Earlier I had a conversation with a friend who manages a team and tries to hire a data scientist. He asked, “Who should I hire? A new Ph.D. with no work experience or someone who has a master’s and a good amount of work experience?” Others have asked: “Is degree really that important for being a data scientist?”
The answer becomes clear when observing the job market. In the past 2 years, new computer science Ph.D.s, particularly those majoring in machine learning, are getting multiple job offers and are grabbed by large AI companies immediately. The demand is so high that the total compensation for a new Ph.D. graduate reaches $200k annually. Data scientists are in high demand, but especially in high demand are those with computer science (CS) Ph.D. degrees.
What’s in a Ph.D. degree? What are employers paying for with higher salary?
Having received my Ph.D. in AI and built Ph.D.-dominated AI teams, I can share my perspective on the uniqueness of Ph.D. training.
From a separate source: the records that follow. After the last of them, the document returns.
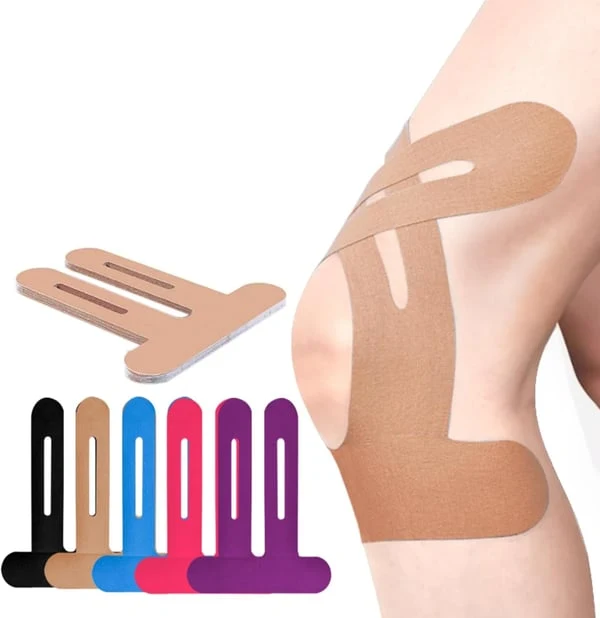 Voorgevormde Kinesiotape voor de Knie Elastisch Ademend Sportondersteuning Bewegingsvrijheid Stabiliteit | Sansoti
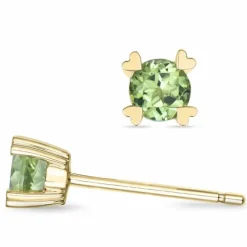 2 x 0,23 ct peridot solitaireørestikker i 9 karat guld med peridot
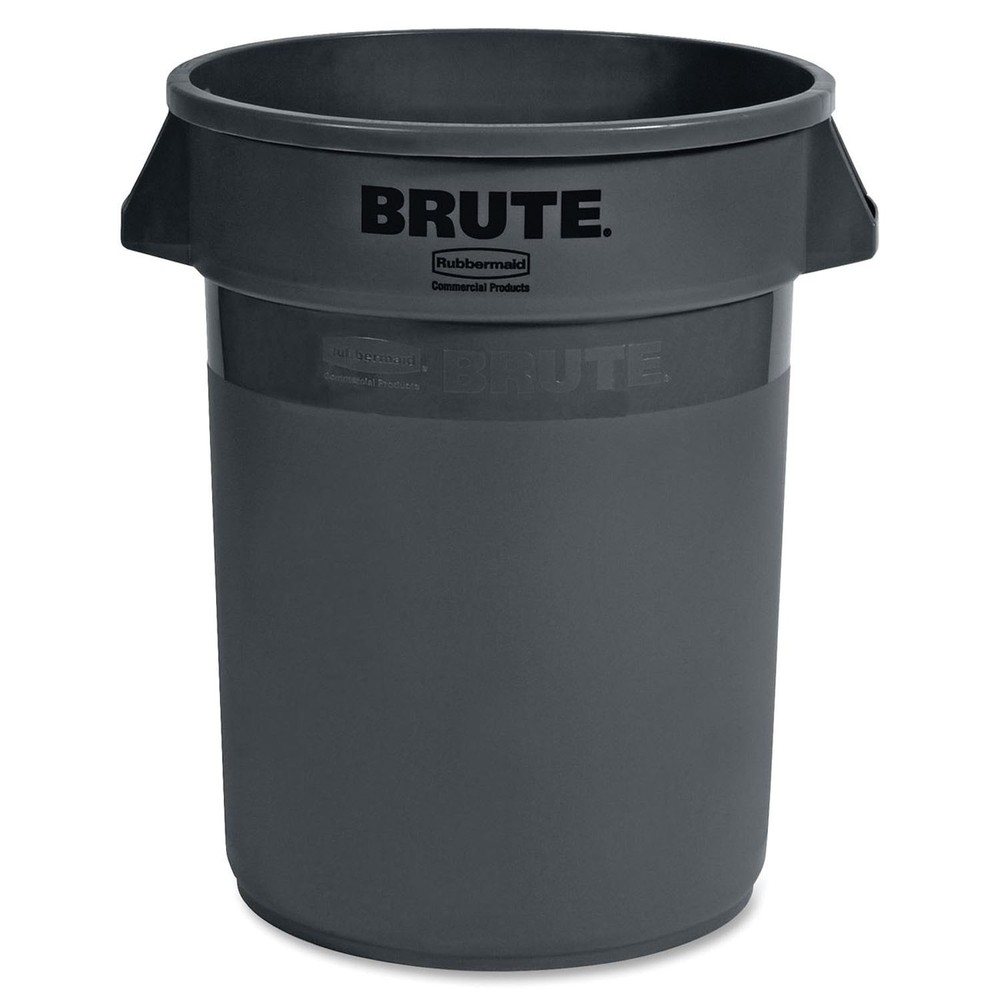 Round Brute Container, Plastic, 32 Gal, Gray RCP-263200GY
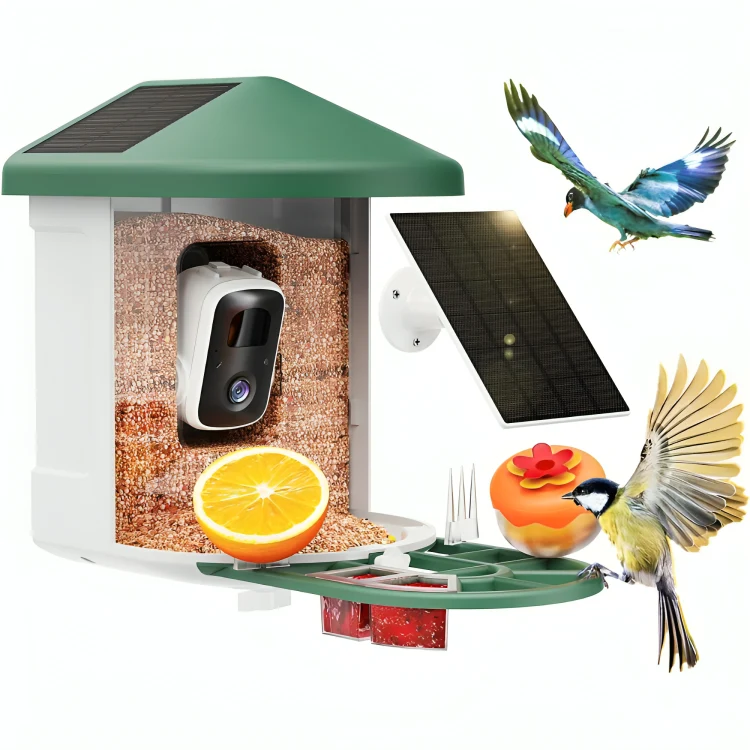 Smart fuglefoderautomat med AI og solenergi – Se fugle i 2K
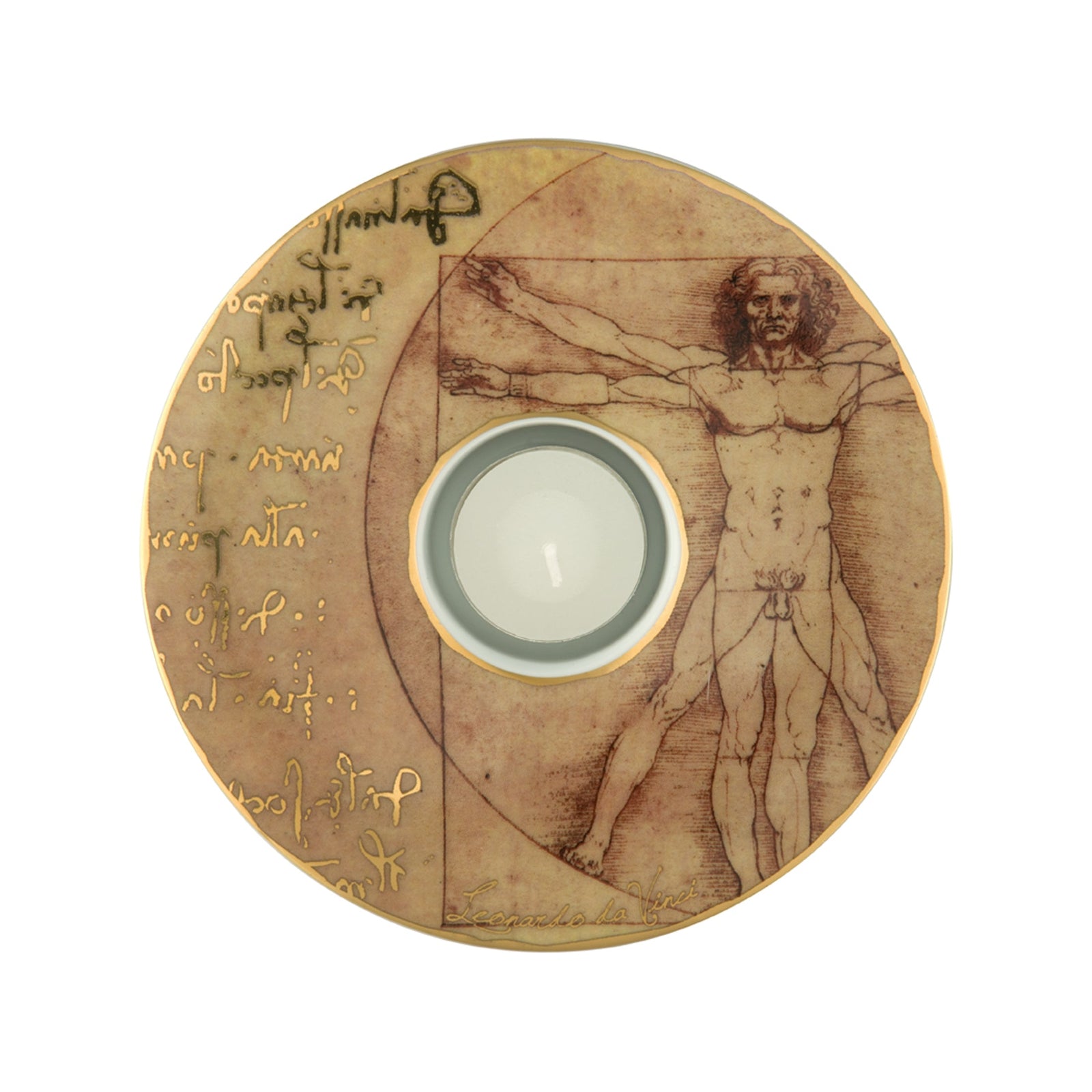 Goebel Vitruvian Man Tealight Holder In Tin-Goviers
This is by no means saying people without Ph.D. should feel left out. It is only to illustrate what a computer science Ph.D. training gives, so that you can make an informed decision when you hire someone or decide on your next career move.
It takes on average 5 years to finish a Ph.D. degree. The first 2 years are classes, and the next 3 years are research. I would say the class part is nothing exceptional, which gives you more knowledge. It is a Master’s degree level training at most. What’s unique about Ph.D. degree is the next 3 years after the classes are done. These are years of intensive research, and where a young student morphs into a researcher. This transformation of a Ph.D. is done through the following 3 activities:
- Publishing research papers
- Interacting in a research group
- Writing a Ph.D. thesis.
Let’s take a look at each of these activities, and the training they give.
1. Publishing research papers
A computer science Ph.D. student is expected to publish at least 3–4 papers by the time he or she graduates. Some people have written 10 papers, and some more prolific people can have 20. Such papers are typically published in conferences. (The major machine learning conferences are: NIPS, ICML, ICLR, KDD, and AAAI.) The paper acceptance rate of a top AI conference is around 20–25%. That means out of 2,000 paper submitted, only 400 are accepted. This fierce competition brings out the excellence in the published paper.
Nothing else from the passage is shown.